EXERCISE GOAL >> Copy word for word the lines from the start of the records through the line that contains "61a & B Brackley", both included.

INPUT RECORDS >>

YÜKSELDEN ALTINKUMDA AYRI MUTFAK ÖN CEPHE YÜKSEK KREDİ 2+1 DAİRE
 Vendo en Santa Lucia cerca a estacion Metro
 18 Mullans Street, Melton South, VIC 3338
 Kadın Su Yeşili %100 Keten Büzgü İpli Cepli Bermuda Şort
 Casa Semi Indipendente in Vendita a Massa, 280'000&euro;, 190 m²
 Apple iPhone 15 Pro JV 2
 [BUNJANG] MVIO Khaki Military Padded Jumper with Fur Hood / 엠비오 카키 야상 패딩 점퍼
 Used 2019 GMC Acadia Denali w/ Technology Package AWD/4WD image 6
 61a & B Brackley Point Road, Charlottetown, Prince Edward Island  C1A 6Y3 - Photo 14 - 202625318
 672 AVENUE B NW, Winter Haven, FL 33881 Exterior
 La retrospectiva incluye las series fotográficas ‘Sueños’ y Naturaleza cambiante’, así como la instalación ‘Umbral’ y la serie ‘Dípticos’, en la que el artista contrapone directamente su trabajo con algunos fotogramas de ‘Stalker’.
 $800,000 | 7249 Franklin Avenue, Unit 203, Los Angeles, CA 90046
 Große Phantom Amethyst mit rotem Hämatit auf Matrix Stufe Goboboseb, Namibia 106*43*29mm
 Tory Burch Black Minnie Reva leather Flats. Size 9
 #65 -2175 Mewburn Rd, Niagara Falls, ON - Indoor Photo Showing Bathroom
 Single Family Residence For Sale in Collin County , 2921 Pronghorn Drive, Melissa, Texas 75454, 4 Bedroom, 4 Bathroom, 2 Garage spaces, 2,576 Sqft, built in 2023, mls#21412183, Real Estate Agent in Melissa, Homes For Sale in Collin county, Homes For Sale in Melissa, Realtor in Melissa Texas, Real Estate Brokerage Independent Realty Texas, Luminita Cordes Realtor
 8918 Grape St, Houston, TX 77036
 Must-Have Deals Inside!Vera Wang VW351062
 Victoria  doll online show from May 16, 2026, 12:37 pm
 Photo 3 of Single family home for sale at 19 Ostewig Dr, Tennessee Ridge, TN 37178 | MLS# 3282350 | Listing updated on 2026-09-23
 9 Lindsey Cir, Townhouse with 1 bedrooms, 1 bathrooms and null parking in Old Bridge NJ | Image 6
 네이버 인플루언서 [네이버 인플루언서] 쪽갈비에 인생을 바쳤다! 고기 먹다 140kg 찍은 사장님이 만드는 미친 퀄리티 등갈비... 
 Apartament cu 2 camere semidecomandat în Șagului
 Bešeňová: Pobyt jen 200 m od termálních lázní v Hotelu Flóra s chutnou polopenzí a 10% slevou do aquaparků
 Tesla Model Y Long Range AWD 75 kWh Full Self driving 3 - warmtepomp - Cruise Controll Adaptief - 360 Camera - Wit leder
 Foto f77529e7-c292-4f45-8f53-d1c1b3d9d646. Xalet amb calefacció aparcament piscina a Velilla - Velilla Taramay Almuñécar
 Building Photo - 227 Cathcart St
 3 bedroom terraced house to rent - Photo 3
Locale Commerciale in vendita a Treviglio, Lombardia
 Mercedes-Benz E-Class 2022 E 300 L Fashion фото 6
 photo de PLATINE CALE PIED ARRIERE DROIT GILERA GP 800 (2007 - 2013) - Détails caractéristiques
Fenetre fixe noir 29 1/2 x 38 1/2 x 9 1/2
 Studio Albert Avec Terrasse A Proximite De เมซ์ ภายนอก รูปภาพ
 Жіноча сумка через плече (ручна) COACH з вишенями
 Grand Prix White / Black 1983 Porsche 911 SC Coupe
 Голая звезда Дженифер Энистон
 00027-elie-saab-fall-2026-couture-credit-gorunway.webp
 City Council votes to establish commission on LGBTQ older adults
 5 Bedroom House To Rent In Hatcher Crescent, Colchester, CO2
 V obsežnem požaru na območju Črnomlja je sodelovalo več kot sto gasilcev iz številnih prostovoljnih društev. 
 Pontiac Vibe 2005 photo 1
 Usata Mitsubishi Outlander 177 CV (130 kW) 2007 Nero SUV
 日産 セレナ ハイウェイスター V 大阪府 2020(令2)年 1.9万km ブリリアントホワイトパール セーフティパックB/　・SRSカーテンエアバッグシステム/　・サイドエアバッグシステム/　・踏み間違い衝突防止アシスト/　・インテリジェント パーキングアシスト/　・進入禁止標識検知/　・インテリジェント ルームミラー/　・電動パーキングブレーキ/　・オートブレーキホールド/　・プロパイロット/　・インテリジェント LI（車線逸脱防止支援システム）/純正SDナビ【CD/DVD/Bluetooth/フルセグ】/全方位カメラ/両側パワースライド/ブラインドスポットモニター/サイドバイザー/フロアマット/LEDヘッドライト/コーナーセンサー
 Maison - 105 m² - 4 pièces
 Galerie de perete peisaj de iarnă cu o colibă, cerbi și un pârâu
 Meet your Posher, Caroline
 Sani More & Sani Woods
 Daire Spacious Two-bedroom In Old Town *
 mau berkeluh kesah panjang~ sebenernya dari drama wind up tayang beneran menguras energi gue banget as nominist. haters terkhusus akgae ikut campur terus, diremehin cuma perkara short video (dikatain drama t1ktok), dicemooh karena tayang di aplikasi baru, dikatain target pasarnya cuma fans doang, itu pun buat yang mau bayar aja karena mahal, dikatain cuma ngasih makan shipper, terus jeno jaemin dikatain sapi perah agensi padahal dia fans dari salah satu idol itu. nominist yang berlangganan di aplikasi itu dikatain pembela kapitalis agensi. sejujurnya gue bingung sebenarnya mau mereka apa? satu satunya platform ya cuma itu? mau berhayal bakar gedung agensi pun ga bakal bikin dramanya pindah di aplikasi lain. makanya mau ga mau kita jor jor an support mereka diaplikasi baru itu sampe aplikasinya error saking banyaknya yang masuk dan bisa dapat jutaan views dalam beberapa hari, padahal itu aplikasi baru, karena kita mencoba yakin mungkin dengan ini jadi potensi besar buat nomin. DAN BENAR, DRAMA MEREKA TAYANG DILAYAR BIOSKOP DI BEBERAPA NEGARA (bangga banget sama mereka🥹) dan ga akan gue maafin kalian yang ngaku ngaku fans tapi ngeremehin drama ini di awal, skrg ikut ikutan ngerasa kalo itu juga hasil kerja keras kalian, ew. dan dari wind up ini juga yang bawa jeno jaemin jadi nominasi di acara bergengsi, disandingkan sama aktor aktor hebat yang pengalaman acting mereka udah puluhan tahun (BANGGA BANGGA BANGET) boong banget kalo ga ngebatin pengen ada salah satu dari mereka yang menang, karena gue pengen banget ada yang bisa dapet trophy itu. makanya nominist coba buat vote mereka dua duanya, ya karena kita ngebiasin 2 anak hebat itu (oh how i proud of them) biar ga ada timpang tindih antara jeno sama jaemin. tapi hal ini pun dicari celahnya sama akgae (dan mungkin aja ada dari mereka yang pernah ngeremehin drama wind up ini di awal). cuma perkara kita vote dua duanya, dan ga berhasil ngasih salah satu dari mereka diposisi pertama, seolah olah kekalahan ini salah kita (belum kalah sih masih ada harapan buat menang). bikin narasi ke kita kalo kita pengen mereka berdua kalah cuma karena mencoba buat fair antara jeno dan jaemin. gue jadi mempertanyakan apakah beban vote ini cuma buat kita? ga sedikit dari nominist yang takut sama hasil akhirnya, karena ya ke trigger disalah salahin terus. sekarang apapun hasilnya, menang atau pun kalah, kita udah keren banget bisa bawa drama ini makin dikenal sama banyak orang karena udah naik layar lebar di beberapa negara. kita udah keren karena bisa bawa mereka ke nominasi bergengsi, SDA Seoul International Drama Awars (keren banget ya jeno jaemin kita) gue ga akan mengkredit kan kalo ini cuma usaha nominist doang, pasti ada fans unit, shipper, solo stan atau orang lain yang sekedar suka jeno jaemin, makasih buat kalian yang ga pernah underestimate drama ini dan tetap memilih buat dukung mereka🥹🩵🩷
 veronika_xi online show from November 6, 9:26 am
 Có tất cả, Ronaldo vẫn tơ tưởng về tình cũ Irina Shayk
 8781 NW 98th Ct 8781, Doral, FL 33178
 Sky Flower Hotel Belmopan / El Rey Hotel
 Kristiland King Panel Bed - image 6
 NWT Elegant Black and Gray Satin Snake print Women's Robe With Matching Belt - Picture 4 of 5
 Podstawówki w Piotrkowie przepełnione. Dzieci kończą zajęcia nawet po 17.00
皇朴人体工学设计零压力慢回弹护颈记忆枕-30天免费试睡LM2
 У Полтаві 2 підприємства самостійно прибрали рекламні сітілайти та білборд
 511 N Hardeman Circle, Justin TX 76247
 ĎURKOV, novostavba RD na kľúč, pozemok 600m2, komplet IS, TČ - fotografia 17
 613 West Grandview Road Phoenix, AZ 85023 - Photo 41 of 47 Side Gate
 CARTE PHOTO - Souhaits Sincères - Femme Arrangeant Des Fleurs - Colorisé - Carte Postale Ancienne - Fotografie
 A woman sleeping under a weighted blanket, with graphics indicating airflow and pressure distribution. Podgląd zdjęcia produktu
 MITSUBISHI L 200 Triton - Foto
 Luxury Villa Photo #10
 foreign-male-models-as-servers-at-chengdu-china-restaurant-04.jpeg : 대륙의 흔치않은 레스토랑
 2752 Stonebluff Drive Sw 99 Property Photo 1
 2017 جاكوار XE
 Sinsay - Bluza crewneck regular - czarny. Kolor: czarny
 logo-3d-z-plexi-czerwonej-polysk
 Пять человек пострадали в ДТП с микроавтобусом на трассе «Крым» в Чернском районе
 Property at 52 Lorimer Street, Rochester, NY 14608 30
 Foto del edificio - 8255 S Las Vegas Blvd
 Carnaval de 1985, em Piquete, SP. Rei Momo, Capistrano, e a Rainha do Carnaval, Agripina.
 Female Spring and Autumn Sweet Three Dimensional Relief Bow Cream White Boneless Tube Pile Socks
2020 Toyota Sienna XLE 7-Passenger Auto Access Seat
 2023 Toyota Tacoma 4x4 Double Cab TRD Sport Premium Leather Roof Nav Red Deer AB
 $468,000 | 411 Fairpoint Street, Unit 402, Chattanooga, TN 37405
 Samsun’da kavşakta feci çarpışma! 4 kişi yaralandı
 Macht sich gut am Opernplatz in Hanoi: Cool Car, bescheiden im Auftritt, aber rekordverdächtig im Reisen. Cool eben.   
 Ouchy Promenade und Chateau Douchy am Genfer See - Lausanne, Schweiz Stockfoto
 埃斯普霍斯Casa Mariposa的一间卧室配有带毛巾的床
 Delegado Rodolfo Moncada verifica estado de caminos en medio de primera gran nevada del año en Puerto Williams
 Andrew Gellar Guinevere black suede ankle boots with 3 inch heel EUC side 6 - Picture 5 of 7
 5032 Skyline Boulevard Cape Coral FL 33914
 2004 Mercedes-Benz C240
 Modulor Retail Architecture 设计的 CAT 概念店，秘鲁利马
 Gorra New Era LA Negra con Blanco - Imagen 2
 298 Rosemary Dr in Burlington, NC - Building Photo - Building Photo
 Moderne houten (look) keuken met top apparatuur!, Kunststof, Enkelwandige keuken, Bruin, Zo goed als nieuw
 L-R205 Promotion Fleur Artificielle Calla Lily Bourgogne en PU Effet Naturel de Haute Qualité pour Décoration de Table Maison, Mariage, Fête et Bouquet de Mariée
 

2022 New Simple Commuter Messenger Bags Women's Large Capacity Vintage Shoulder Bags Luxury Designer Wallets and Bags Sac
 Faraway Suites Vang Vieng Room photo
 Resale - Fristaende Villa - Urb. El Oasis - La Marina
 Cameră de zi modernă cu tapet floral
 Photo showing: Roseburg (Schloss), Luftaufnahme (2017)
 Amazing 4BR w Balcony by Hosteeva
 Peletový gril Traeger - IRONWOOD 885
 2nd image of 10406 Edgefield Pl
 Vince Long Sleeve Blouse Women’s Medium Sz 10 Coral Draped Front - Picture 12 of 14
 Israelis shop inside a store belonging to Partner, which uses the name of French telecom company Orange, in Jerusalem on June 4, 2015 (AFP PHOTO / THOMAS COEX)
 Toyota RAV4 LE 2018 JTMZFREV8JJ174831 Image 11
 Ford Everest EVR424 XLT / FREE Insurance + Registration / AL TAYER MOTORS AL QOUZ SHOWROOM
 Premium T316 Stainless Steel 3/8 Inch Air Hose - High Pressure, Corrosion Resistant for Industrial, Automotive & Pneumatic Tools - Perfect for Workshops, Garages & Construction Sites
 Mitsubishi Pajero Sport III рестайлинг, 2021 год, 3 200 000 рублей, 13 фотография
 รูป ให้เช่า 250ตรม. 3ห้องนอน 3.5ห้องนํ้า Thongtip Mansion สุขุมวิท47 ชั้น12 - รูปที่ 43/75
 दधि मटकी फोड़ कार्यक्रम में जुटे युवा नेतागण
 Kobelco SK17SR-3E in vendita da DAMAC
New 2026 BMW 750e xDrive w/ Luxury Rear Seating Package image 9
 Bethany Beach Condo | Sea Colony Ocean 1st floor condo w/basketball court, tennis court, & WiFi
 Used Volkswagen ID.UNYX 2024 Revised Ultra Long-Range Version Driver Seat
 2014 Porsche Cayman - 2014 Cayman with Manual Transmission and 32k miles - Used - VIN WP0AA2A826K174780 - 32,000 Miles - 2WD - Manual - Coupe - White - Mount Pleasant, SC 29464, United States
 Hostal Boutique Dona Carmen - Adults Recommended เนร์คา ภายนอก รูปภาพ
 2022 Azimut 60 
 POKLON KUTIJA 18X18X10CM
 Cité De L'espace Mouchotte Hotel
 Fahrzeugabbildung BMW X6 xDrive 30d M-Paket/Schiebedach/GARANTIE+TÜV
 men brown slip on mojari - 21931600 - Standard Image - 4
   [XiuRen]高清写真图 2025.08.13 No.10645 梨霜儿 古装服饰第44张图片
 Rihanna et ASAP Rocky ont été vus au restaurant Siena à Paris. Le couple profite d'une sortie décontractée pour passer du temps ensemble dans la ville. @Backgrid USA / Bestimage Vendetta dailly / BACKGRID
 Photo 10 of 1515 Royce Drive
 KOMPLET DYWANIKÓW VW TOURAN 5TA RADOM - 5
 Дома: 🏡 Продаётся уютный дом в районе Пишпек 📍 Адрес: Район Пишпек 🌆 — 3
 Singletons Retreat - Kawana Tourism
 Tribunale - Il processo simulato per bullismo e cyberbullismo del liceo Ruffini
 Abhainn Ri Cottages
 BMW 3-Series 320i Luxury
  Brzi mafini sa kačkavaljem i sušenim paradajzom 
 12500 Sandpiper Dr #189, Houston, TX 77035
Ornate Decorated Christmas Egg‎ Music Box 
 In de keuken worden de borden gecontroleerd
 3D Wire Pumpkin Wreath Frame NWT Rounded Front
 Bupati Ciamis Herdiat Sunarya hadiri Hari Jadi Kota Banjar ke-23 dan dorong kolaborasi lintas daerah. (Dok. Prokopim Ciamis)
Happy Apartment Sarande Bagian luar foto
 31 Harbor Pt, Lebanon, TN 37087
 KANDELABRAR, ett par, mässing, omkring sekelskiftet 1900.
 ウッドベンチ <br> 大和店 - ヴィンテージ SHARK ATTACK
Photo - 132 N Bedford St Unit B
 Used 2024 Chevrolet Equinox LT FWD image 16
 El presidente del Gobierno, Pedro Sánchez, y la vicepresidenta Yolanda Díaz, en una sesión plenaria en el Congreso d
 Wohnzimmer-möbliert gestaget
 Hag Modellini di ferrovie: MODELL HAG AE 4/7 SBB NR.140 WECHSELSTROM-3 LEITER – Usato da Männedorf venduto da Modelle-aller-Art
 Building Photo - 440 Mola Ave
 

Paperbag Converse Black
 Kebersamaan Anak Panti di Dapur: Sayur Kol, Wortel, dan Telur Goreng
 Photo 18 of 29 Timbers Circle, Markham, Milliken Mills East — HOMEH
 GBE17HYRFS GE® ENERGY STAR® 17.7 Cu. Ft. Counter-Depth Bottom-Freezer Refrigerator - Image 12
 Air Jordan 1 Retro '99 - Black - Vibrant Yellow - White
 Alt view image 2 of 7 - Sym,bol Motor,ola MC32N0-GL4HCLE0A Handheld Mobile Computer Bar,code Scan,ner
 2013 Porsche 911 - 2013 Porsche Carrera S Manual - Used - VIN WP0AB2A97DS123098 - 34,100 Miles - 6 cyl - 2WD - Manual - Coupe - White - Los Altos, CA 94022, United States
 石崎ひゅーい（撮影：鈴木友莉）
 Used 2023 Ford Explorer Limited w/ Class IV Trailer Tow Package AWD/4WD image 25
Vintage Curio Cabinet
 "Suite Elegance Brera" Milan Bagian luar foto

ANSWER FOR THIS EXERCISE >>
YÜKSELDEN ALTINKUMDA AYRI MUTFAK ÖN CEPHE YÜKSEK KREDİ 2+1 DAİRE
 Vendo en Santa Lucia cerca a estacion Metro
 18 Mullans Street, Melton South, VIC 3338
 Kadın Su Yeşili %100 Keten Büzgü İpli Cepli Bermuda Şort
 Casa Semi Indipendente in Vendita a Massa, 280'000&euro;, 190 m²
 Apple iPhone 15 Pro JV 2
 [BUNJANG] MVIO Khaki Military Padded Jumper with Fur Hood / 엠비오 카키 야상 패딩 점퍼
 Used 2019 GMC Acadia Denali w/ Technology Package AWD/4WD image 6
 61a & B Brackley Point Road, Charlottetown, Prince Edward Island  C1A 6Y3 - Photo 14 - 202625318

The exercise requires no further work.